Towards Practical Volumetric Scene Representation for Novel View Synthesis

The Hong Kong University of Science and Technology
Department of Computer Science and Engineering


PhD Thesis Defence


Title: "Towards Practical Volumetric Scene Representation for Novel View 
Synthesis"

By

Mr. Li MA


Abstract:

Given some sparse observations of a 3D scene, novel view synthesis (NVS) tries 
to reconstruct arbitrary views of the scene. It has many practical 
applications, such as virtual reality, online conferences, and 3D content 
creation. A common paradigm for NVS is to reconstruct a 3D representation, 
which could then be rendered to generate novel views. The classical approaches 
rely on off-the-shelf structure from motion (SfM) algorithms to reconstruct 
mesh or point cloud, which tends to fail in challenging cases like complex 
geometry and strong view-dependent effect.

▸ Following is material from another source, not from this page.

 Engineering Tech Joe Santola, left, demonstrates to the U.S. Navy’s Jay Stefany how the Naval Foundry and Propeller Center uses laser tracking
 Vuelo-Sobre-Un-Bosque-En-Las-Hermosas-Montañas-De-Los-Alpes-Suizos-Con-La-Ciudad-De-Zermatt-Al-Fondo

Recently, volumetric 
representations, such as Multiplane Images (MPI) and Neural Radiance Field 
(NeRF), have revolutionized the NVS in generating indistinguishable realistic 
images. However, there are still some open questions for volume-based methods. 
For instance, the reconstruction process is prone to errors when dealing with 
non-ideal capturing conditions, such as blurriness. And 3D volumes are 
difficult to edit, hindering the ability to make post-production modifications. 
Besides, they are inefficient in rendering, especially for dynamic scenes, 
eliminating any interactive applications.

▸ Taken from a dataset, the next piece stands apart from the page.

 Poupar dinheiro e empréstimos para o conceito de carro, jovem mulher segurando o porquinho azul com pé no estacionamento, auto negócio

This dissertation addresses several limitations of volumetric representations 
and propose improvements to enhance several practical applications. We first 
propose a method for restoring a sharp NeRF from blurry observations. We show 
that the straightforward reconstruction approach produces significant artifacts 
under blurry settings, and that jointly optimizing the blur kernel and the NeRF 
leads to automatic decomposition of the blurring parameters and scene content, 
resulting in a sharp NeRF. To address the poor editability, we take inspiration 
from explicit representations that support intuitive editing, such as mesh. We 
present Neural Parameterization (NeP), a hybrid representation that provides 
the advantages of both implicit and explicit methods. It is capable of 
photorealistic rendering while allowing fine-grained editing of the scene 
geometry and appearance of a dense 3D volume. Finally, we extend existing 
static representation to model 3D video loops. We develop an efficient 3D video 
representation, namely Multi-Tile Video (MTV), by exploiting the 
spatio-temporal sparsity, which achieves rendering in real-time, even in mobile 
devices. We also propose a novel looping loss based on video temporal 
retargeting, which generates photorealistic looping MTVs given only 
asynchronous multi-view videos. We conduct extensive experiments to 
qualitatively and quantitatively evaluate all the improvements we propose. 
Results indicate that our methods have shown promise in improving the 
robustness, editability, and efficiency of volumetric representation.


Date:			Thursday, 9 November 2023

Time:			2:00pm - 4:00pm

Venue:			Room 5562
                         Lifts 27/28

Chairman:		Prof. Abhishek SRIVASTAVA (ECE)

Committee Members:	Prof. Pedro SANDER (Supervisor)
  			Prof. Qifeng CHEN
  			Prof. Long QUAN
 			Prof. Ping TAN (ECE)
 			Prof. Hongbo FU (CityU)


**** ALL are Welcome ****